Non-governmental organization in Edo State, Nigeria

Idia Renaissance is a non governmental civil society organization based in Edo State, Nigeria. The organization organize activities around human trafficking, including reception of victims of human trafficking. Idia Renaissance was founded by Mrs. Eki Igbinedion, wife of Chief Lucky Igbinedion, a former governor of Edo State.
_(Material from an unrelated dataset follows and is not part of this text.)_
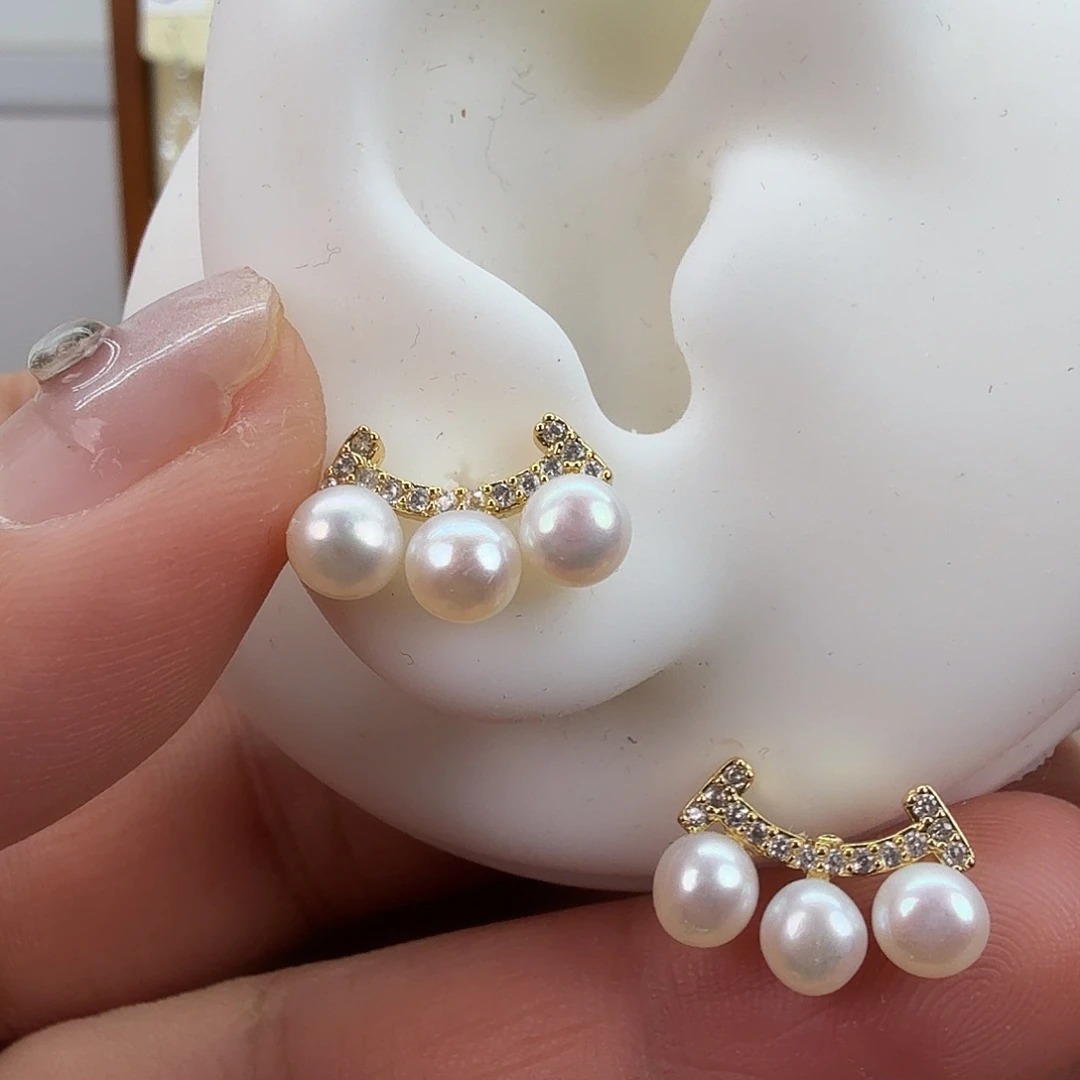 耳饰淡水珍珠未镶嵌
In 2021, Idia Renaissance partnered with the United Nations High Commissioner for Refugees (UNHCR) to spread awareness on human trafficking and sexual exploitation of women girls.

== History ==
Idia Renaissance was founded on 1 July 1999, in Benin City, the capital of Edo State, Nigeria, as a counter-measure to address the trafficking of persons for sexual exploitation.

== Partnership ==
The organization partner with the following organizations/institution to achieve its objectives:
- United Nations International Children's Emergency Fund (UNICEF)
- National Agency For The Prohibition Of Trafficking In Persons (NAPTIP)
- International Organization for Migration (IOM)
- Swedish International Development Agency (SIDA)
- United Nations Office on Crime and Drugs (UNOCD)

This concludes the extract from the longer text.